What, How, and Why?#

In this post, our focus will be a simple blink example made with Opencm3.

Download it here: blink-led.bin and blink-led.elf

I have also posted the accompanying ELF file, to get a speed boost.

Opencm3 is an open-source firmware library that provides a lot of helper functions for peripherals (like GPIO, RCC, etc.) in a wide range of microcontrollers.

We’ll be using Ghidra, as it is open source and I am familiar with it. You can follow along with Ida, Binary Ninja, or Radare2 if you are familiar with it - the techniques are the same, and the only difference is the sequence of mouse clicks.

Reversing with Ghidra#

Importing the file#

Create a new project in Ghidra, and import the firmware file. The key here is to select the correct architecture for your firmware. In this case, we’ll be reversing firmware for an ARM Cortex-M V7 32-Bit Firmware, and hence we’ll use it.

Import the file

Initial Steps#

After importing the file, double click on it to open it in the codebrowser.

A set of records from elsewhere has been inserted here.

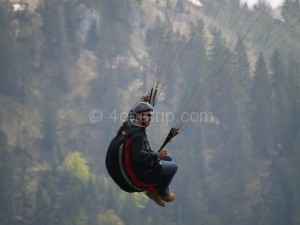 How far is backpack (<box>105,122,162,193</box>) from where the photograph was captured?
1231cm

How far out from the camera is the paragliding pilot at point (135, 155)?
12.2 m

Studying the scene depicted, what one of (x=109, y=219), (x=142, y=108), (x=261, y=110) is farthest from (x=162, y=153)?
(x=261, y=110)

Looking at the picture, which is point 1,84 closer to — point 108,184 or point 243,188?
point 108,184

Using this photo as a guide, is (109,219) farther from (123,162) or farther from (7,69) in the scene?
(123,162)

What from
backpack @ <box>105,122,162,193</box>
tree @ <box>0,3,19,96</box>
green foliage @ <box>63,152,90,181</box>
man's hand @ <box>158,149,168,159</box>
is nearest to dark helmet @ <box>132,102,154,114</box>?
backpack @ <box>105,122,162,193</box>

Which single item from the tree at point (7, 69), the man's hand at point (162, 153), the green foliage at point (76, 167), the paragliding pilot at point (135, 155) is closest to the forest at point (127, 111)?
the tree at point (7, 69)

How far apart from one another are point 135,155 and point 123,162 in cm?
36

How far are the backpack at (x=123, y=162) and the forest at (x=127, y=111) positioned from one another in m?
104

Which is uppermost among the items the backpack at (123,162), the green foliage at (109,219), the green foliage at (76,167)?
the green foliage at (76,167)

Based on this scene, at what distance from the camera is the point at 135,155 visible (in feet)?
40.0

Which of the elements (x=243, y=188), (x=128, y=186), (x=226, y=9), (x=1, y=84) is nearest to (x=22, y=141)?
(x=1, y=84)

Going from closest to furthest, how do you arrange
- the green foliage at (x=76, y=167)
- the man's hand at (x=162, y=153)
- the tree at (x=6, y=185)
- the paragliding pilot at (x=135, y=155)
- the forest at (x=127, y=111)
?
the paragliding pilot at (x=135, y=155), the man's hand at (x=162, y=153), the tree at (x=6, y=185), the forest at (x=127, y=111), the green foliage at (x=76, y=167)

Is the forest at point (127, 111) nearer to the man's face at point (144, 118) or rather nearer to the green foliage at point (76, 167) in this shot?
the green foliage at point (76, 167)

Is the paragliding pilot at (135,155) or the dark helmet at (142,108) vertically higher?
the dark helmet at (142,108) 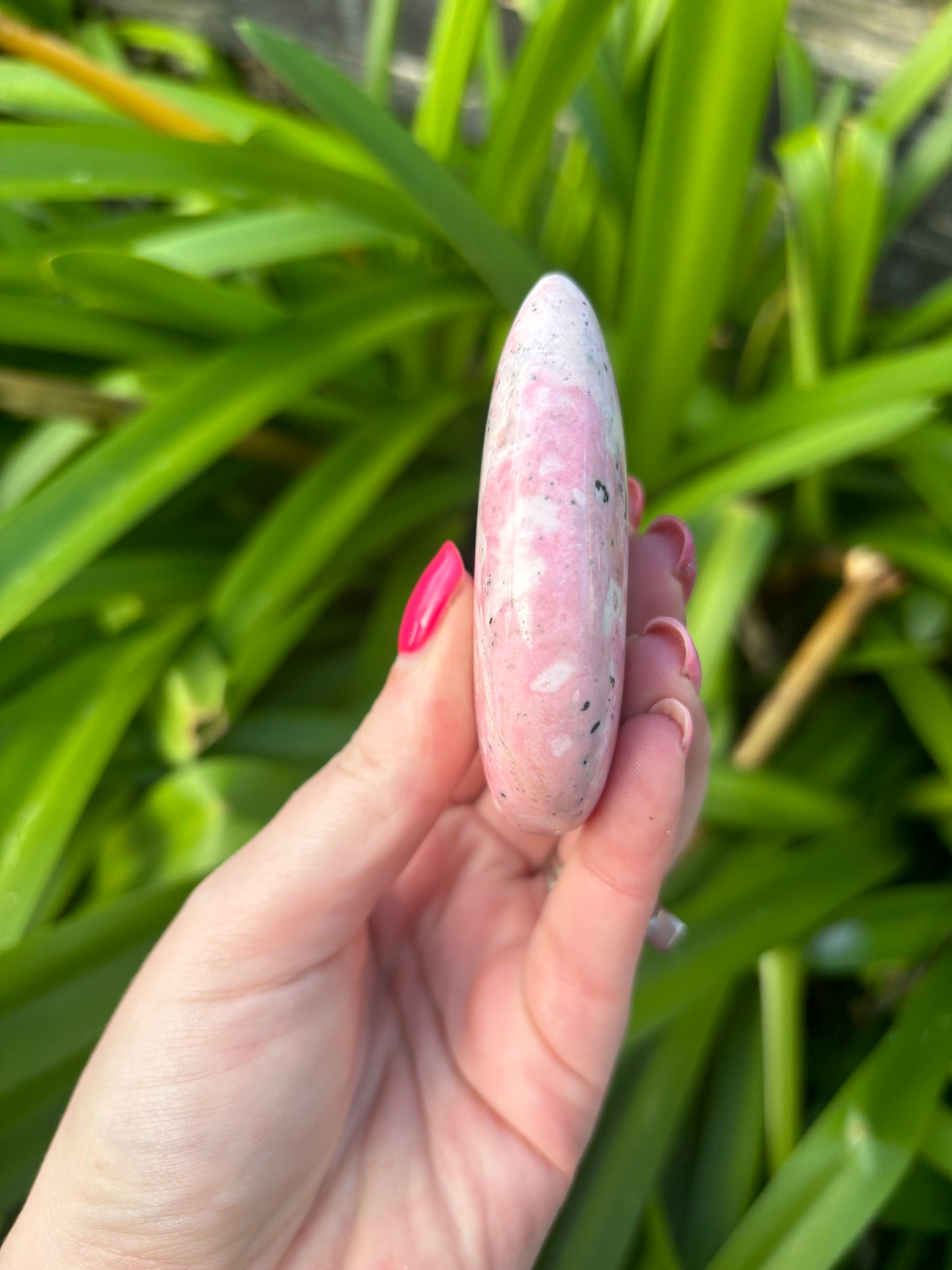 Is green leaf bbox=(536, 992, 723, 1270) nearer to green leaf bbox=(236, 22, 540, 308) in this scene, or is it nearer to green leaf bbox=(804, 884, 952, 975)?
green leaf bbox=(804, 884, 952, 975)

If Ghidra asks to auto-analyze it, press NO, as we have some initial massaging to do with the binary. But we will need auto analysis at a later point in time, tho.

Click No

Once that is done, you should be looking at the listing. At this point, we can start with defining the memory maps for the firmware.

Mapping the text section#

Almost all embedded systems have the following sequence:

embedded systems boot sequence

Which is very similar to how an ELF executable is loaded and executed:

ELF execute sequence

ELF executables contain a header which instructs the interpretter to put different sections at different places in memory.

In case of firmware, it has to be flashed to a specific place in the microcontroller’s flash memory. It varies for different microcontrollers, so this part requires reading the documentation.

In our case, our code is flashed onto a STM32 Blue Pill that uses an STM32F101 under the hood.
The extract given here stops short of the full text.